For one, the amount of attention young players receive, starting from an early age, demonstrates the demand the hockey community, including fans and the NHL, have for information. Young players are being tracked and analyzed to find information about their personal backgrounds, other interests or academics as well as their stories of making it to the NHL. By the time they reach the NHL draft, their statistics and back stories are developed and ready to be analyzed. Second, hockey analytics is developing at a significant rate due in part to a growing online community working together that develops new ideas and research methodologies. If a correlation between two or more variables is suspected, based on some sort of reasoning, this community has demonstrated their ability to either search for the data or somehow find a way to generate that data. Third, analytic tools and mobile technology are becoming easier to use. For hockey players, this means their personal data is more and more readily available. For the analytic community, this means data is easier to acquire, share and utilize for various purposes.

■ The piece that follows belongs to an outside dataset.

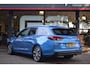 Hyundai i30 Wagon 1.4 T-GDI Premium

Today, a player’s performance can be tied to a number of variables, typically available from game performances and results. In the future, a player’s personal workout schedule, practice regime or data outside of game results could potentially be correlated to their on-ice performance. It may seem farfetched now, but as more and more creative web and mobile applications get released, combined with the demand of data and information by the hockey community, hockey analytics will evolve and utilize the personal data published by this new generation of hockey players.
Micarelli, P. (2010, December 3). [Image]. Drawing the Internet. The Monkey Buddah. Retrieved from http://monkeybuddha.blogspot.ca/2010/12/drawing-internet.html
Nowak, P. (2012, June 8). The Virtual Self: Nora Young on digital self-tracking. Canadian Business. Retrieved from http://www.canadianbusiness.com/blog/tech/87106–the-virtual-self-nora-young-on-digital-self-tracking
Palfrey, J. and Gasser, U. (2008). Born Digital: Understanding the First Generation of Digital Natives. Basic Books: USA.
Young, N. (2012). The Virtual Self: How Our Digital Lives Are Altering the World Around Us. McClelland & Stewart: Canada.